Uttar Banga Krishi Vishwavidyalaya
- Motto: Where wisdom is free
- Type: Public Agricultural University
- Established: 1 February 2001; 25 years ago
- Accreditation: ICAR
- Academic affiliations: UGC; AIU;
- Budget: ₹66.98 crore (US$7.0 million) (2024–25 est.)
- Chancellor: Governor of West Bengal
- Vice-Chancellor: Debabrata Basu
- Academic staff: 131 (2025)
- Students: 886 (2025)
- Undergraduates: 690 (2025)
- Doctoral students: 196 (2025)
- Location: Pundibari, Cooch Behar, West Bengal, India 26°24′16″N 89°23′02″E﻿ / ﻿26.4044745°N 89.3838037°E
- Campus: Rural
- Colours: Green
- Website: www.ubkv.ac.in

= Uttar Banga Krishi Viswavidyalaya =

Public Agricultural University in West Bengal

Uttar Banga Krishi Vishwavidyalaya (English: North Bengal Agricultural University) is a public state agricultural university in Pundibari about 11 km north-west of Cooch Behar, West Bengal, India.
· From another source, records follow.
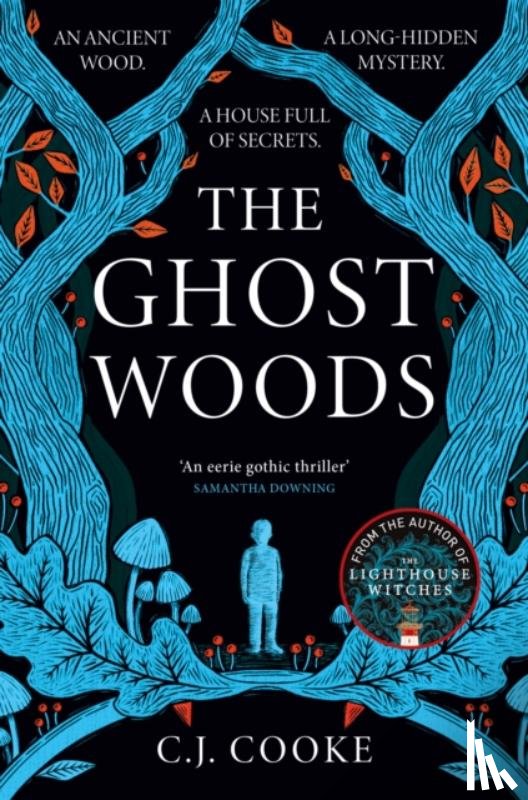 Cooke, C.J. - The Ghost Woods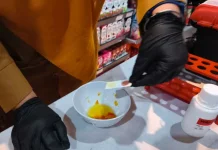 Dinas Pangan Pangkalpinang Uji Sampel, 95 Persen Aman Dikonsumsi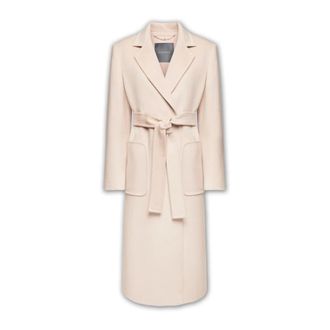 Elena Miro Mujer, Abrigos, Beige, Talla: 5XL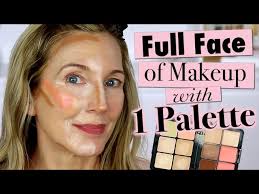 makeup for ever hd skin palette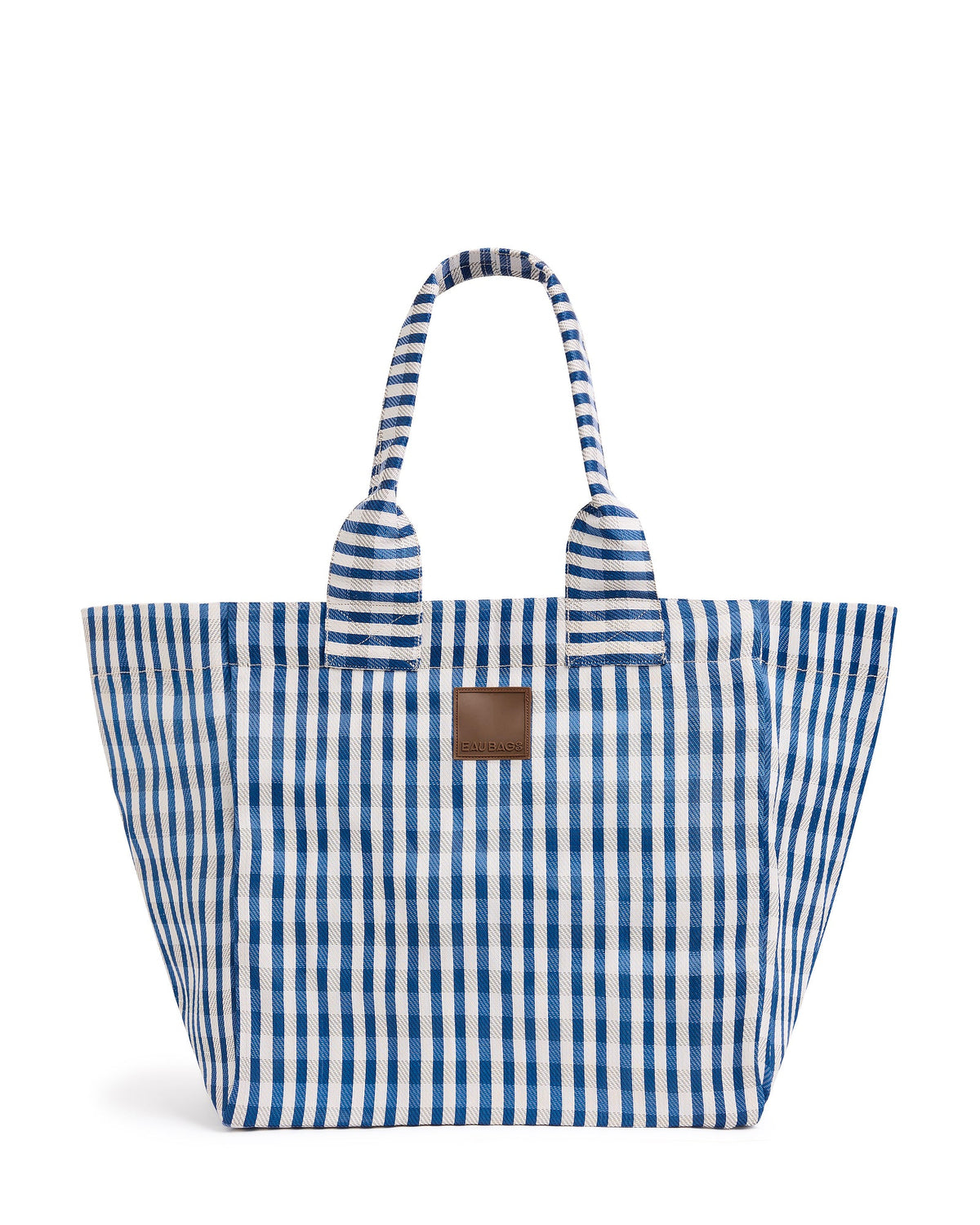 Grand Tote - Bleu
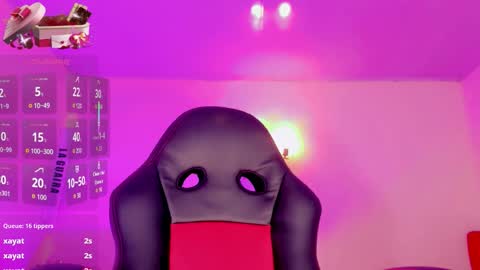 Snapshot of dirtygamesnaomy chatting on 11, 2, 2026 Naomy online show from 11, 2, 2026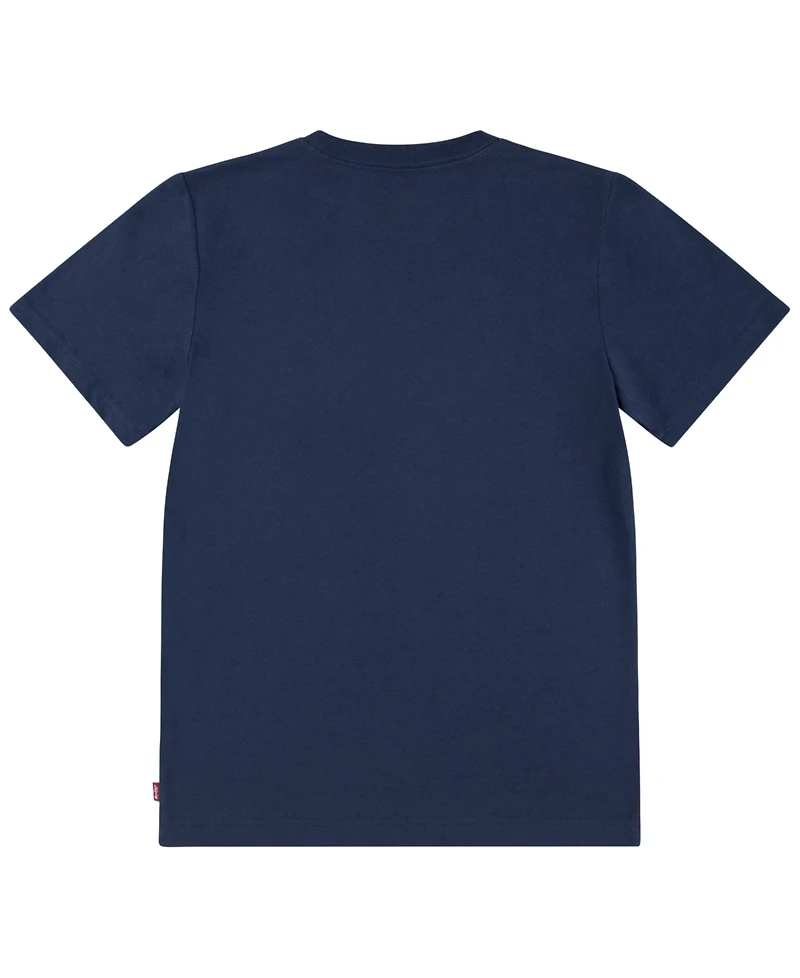 Levi's Big Boys Outline Batwing T-Shirt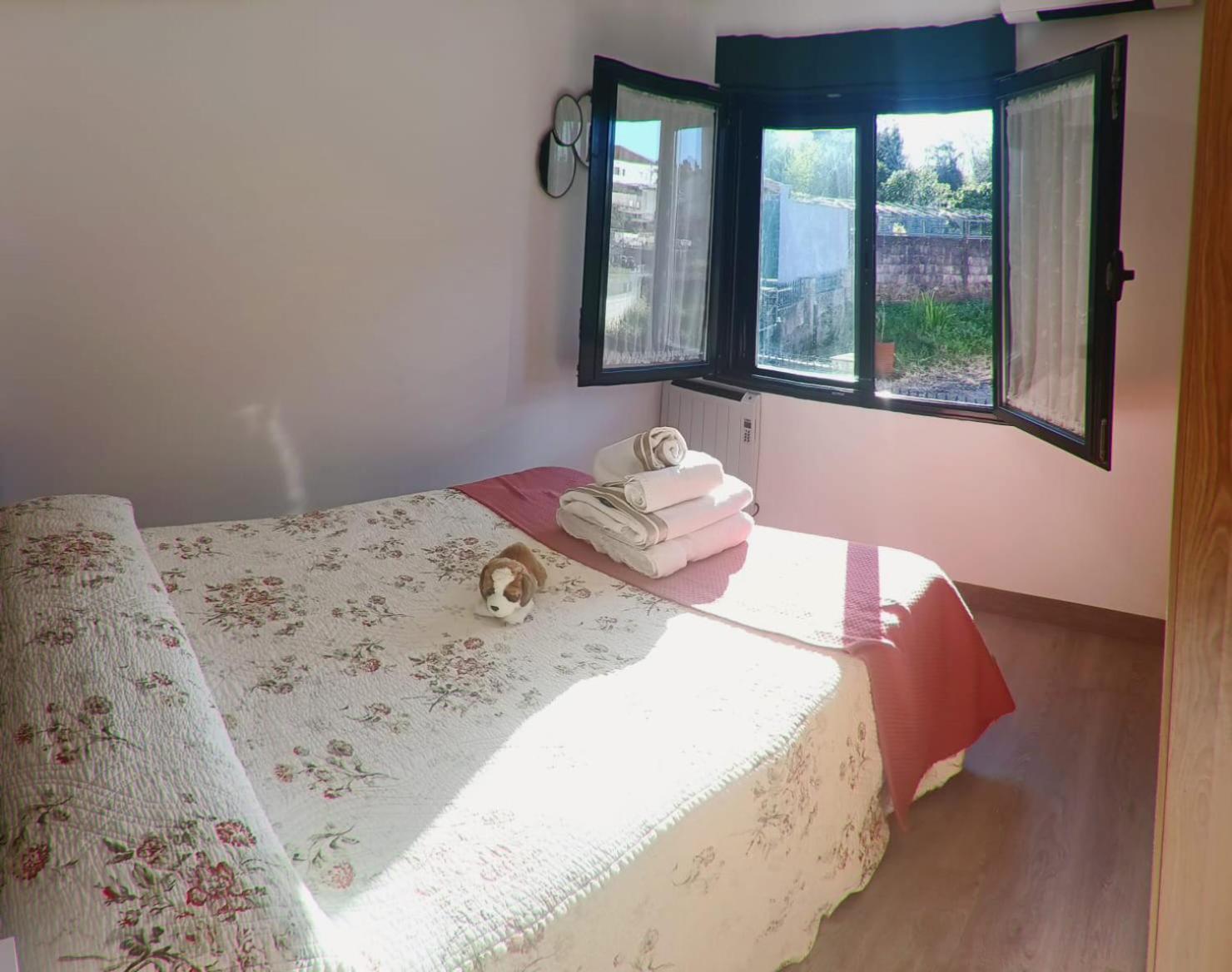 Villa Casa Yanira Vilagarcia de Arousa Exterior foto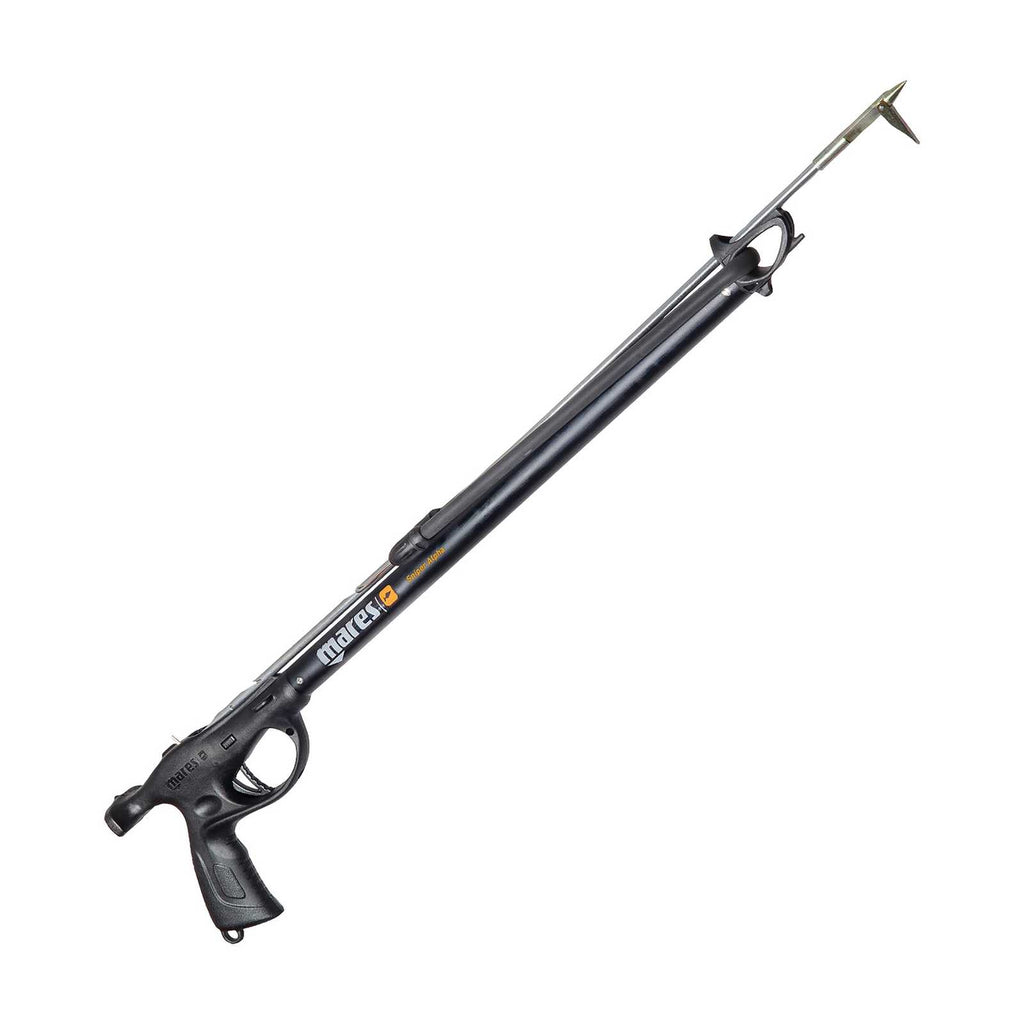 Arbalète à sandows Sniper Alpha noire 55 cm Mares 42342255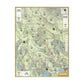 Compass Games Brief Border Wars II, Historical Strategy Board Game for Adults Ages 18+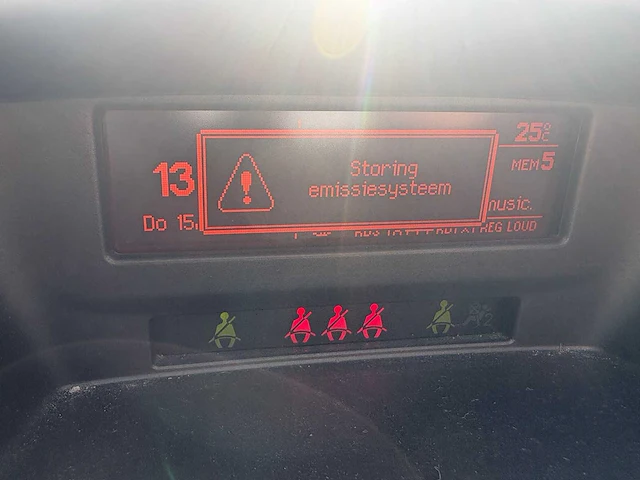 2008 - peugeot - 207 sw outdoor - 1.6 vti xs - car - afbeelding 8 van  30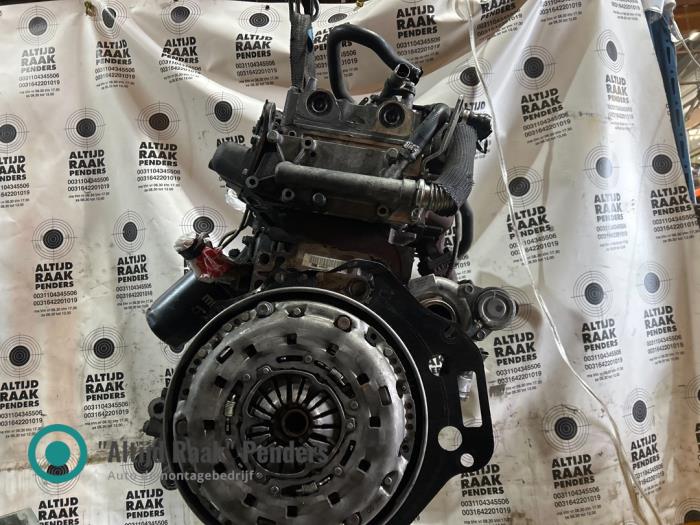 Antriebswelle Fiat Ducato 250 Hinten Und Vorne In Original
It offers degree courses in Agricultural Engineering, Agriculture and Horticulture. It was established in 2001 by an Act of the West Bengal legislature.

==Academics==
===Courses===
Uttar Banga Krishi Viswavidyalaya offers the following courses:
- Undergraduate: B.Sc in Agriculture, B.Sc in Horticulture, and B.Tech in Agricultural Engineering.
- Postgraduate: M.Sc in Agriculture, M.Sc in Horticulture, and M.Sc in Forestry
- Doctor of Philosophy: Ph.D. in Agriculture, Ph.D. in Horticulture, and Ph.D. in Forestry

===Admission===
Students are admitted each year in the undergraduate courses of the university (B.Sc in Agriculture and Horticulture) on the basis of their performance in the higher secondary (10+2) examination. One has to take the WBJEE examination for admission in the B.Tech Agricultural Engineering course. For admission in postgraduate and doctoral level courses, one has to take an entrance examination either conducted by the university or by a national agency like ICAR, UGC, etc.

===Central Library===
There is a central library at the main campus of the university at Pundibari. It has collections of more than 25000 books. There are also small unit libraries at different research stations of the university.

===Ranking and Accreditation===
Uttar Banga Krishi Viswavidyalaya holds 55th rank in the ICAR agricultural university ranking list 2019, India.

Uttar Banga Krishi Viswavidyalaya was ranked 40th in India by the NIRF (National Institutional Ranking Framework) in the architecture ranking in 2024.

==Organisation and Administration==
===Governance===
The chancellor of the university is the Governor of West Bengal. The vice-chancellor of the Uttar Banga Krishi Vishwavidyalaya is the chief executive officer of the university. Debabrata Basu is the current vice-chancellor.

===Faculties and Departments===
Departments of the Uttar Banga Krishi Viswavidyalaya are organized into three faculties.

| Faculties | Departments and Centres |
| Faculty of Agriculture | Agricultural Economics |
Agricultural Entomology
Agricultural Extension
Agricultural Statistics
Agronomy
Biochemistry
Genetics and Plant Breeding
Plant Pathology
Soil Science and Agricultural Chemistry
Seed Science and Technology
| Faculty of Horticulture | Pomology and Post Harvest Technology |
Vegetable and Spice Crops
Floriculture, Medicinal and Aromatic Plants
Plantation Crops and Processing
Forestry
| Faculty of Technology | Agricultural engineering |

===Directorate of Extension Education===
There are five Krishi Vigyan Kendras (KVK) under this university:

- Cooch Behar Krishi Vigyan Kendra at the Pundibari, Cooch Behar
- Darjeeling Krishi Vigyan Kendra at the Kalimpong, Darjeeling
- Dakshin Dinajpur Krishi Vigyan Kendra at the Majhian, Dakshin Dinajpur
- Uttar Dinajpur Krishi Vigyan Kendra at the Chopra, Uttar Dinajpur
- Malda Krishi Vigyan Kendra at the Ratua, Malda

===Farm Facilities===
Uttar Banga Krishi Viswavidyalaya has a well-developed Agricultural Experimental Farm of about 300 acres at Pundibari, Cooch Behar, West Bengal.